Add assert that known_grads is deterministic or of size 1.

0a7cb330 · Frederic Bastien · 8769382f · 0a7cb330 · 0a7cb330
--- a/theano/gradient.py
+++ b/theano/gradient.py
@@ -390,8 +390,8 @@ def grad(cost, wrt, consider_constant=None,
        If True, variables generated by grad will be named
        (d<cost.name>/d<wrt.name>) provided that both cost and wrt
        have names
-    known_grads : dict, optional
+    known_grads : OrderedDict, optional
-        A dictionary mapping variables to their gradients. This is
+        A ordered dictionary mapping variables to their gradients. This is
        useful in the case where you know the gradient on some
        variables but do not know the original cost.

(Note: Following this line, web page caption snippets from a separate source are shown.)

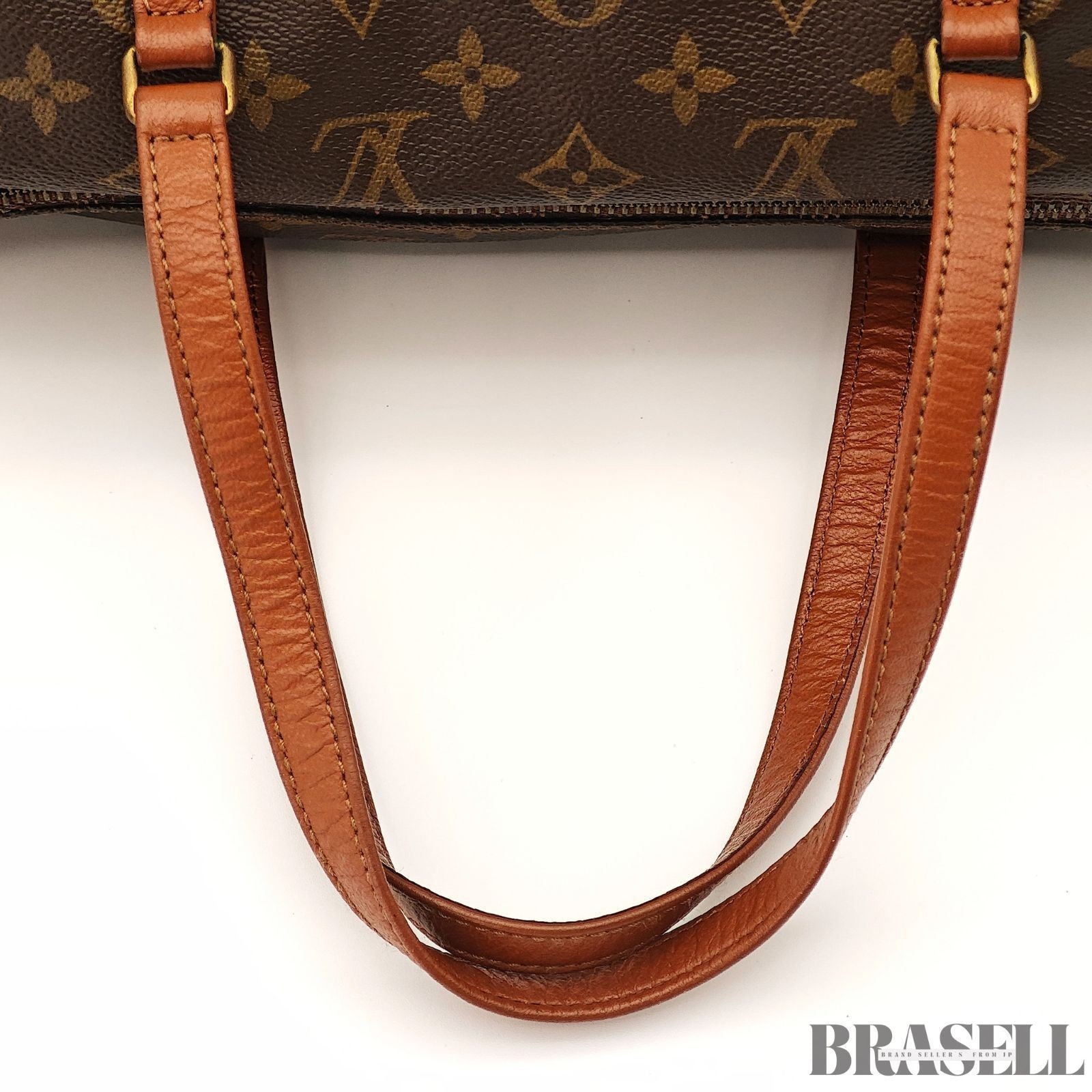 Louis Vuitton Papillon 30 GM M51365 Bag Mini Boston Monogram Canvas Brown Women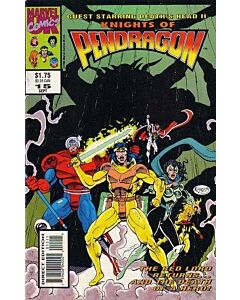 Knights of Pendragon (1992) #  15 (6.0-FN) (Marvel UK) Price tag on Cover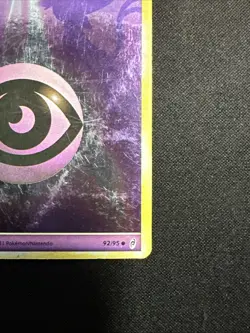 Psychic Energy - 92/95 - Pokemon Call of Legends Reverse Holo Card LP - Image 3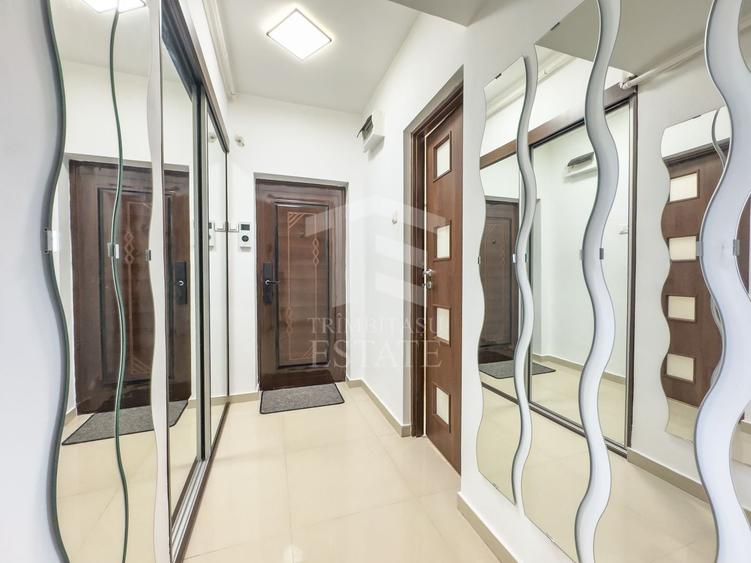 Apartament cu 2 camere semidecomandat, mobilat în Drumul Taberei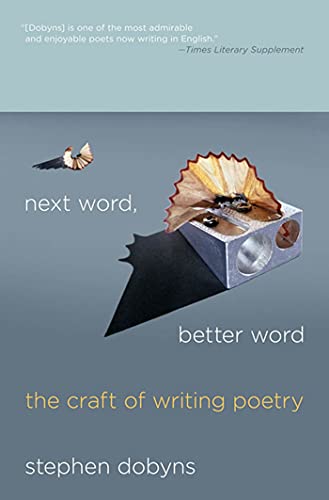 9780230621824: Next Word, Better Word: The Craft of Writing Poetry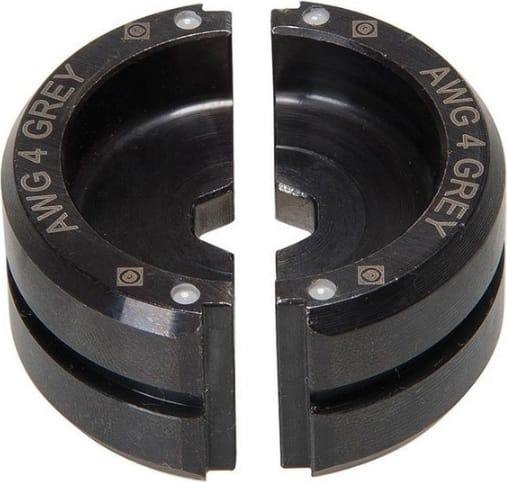 Greenlee KC22-4 - DIE, 4 AWG (KC22)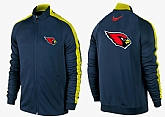 NFL Arizona Cardinals Team Logo 2015 Men Football Jacket (15),baseball caps,new era cap wholesale,wholesale hats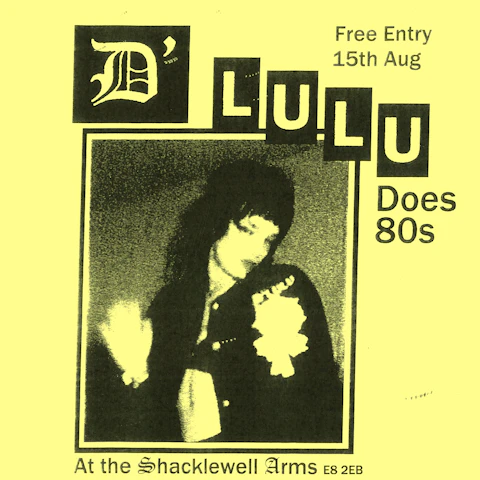 D'LULU (80s night)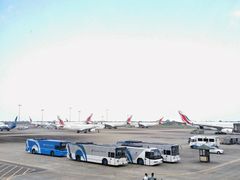 停机坪-班达拉奈克国际机场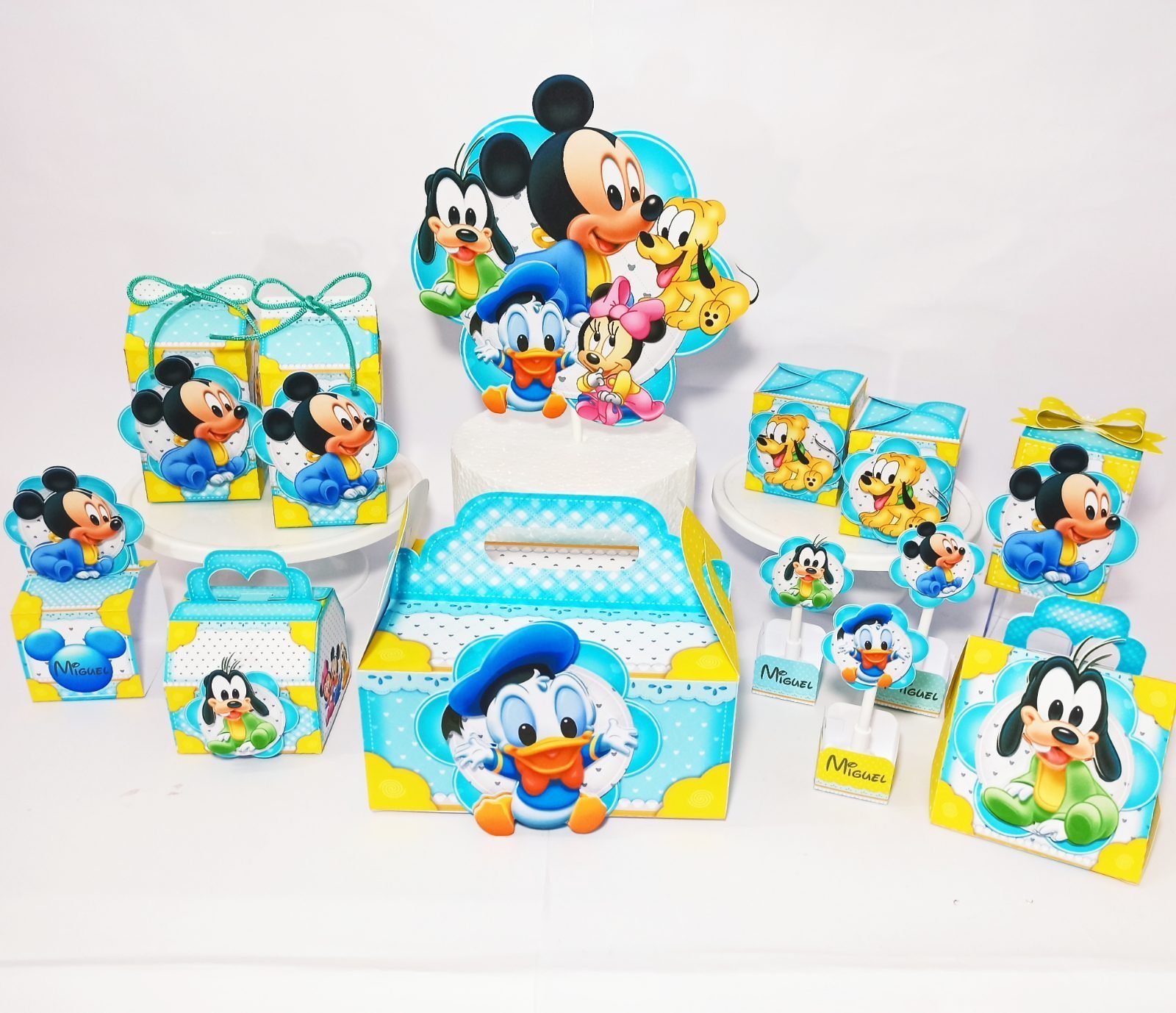 DISNEY BABY - Arquivos de Corte / Festa Pronta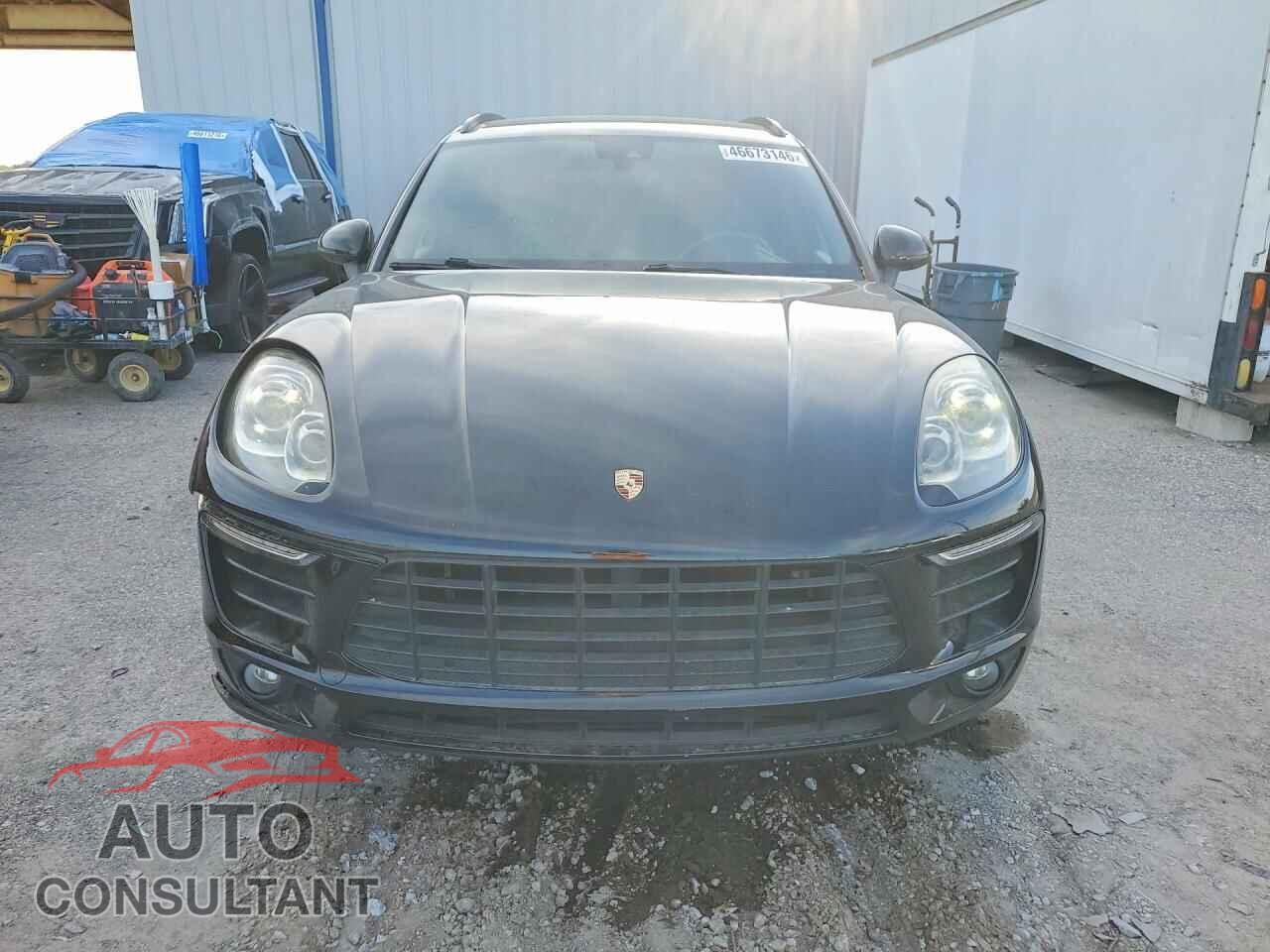 PORSCHE MACAN 2018 - WP1AA2A51JLB15809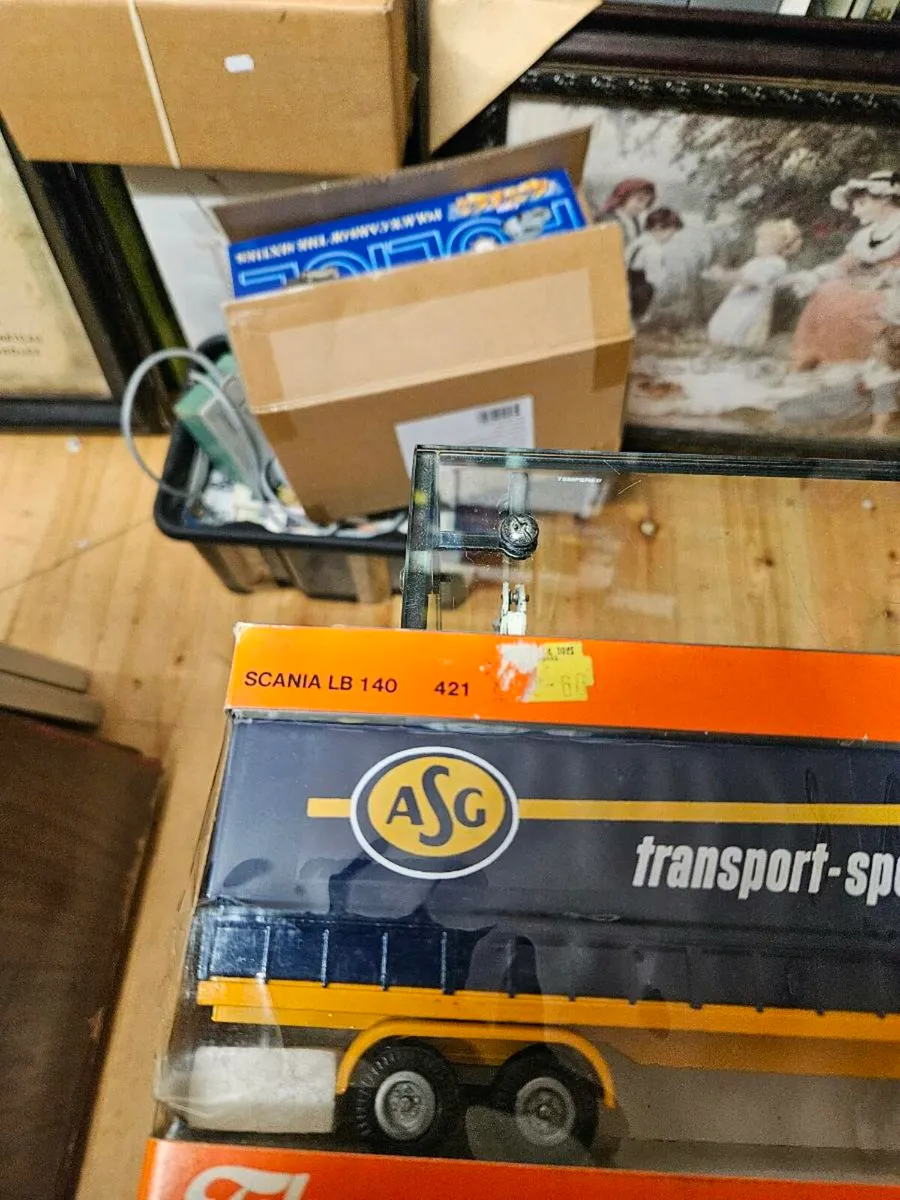 Corgi Tekno Scania Tractor Unit and Trailer 1.50 - Image 2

    return_disconnected : {'zero', 'None', 'Disconnected'}
@@ -462,6 +462,9 @@ def grad(cost, wrt, consider_constant=None,
    if known_grads is None:
        known_grads = OrderedDict()
+    else:
+        m = "known_grads must be an OrderedDict. "
+        assert isinstance(known_grads, OrderedDict) or len(known_grads) <=1, m
    # The gradient of the cost is 1 unless specified otherwise by known_grads.
    if cost is not None:

--- a/theano/tests/test_gradient.py
+++ b/theano/tests/test_gradient.py
@@ -474,7 +474,7 @@ def test_known_grads():
    for layer in layers:
        print('Testing by separately computing ', layer)
        first = theano.tensor.grad(cost, layer, disconnected_inputs='ignore')
-        known = dict(izip(layer, first))
+        known = OrderedDict(izip(layer, first))
        full = theano.tensor.grad(cost=None, known_grads=known, wrt=inputs, disconnected_inputs='ignore')
        full = theano.function(inputs, full)
        full = full(*values)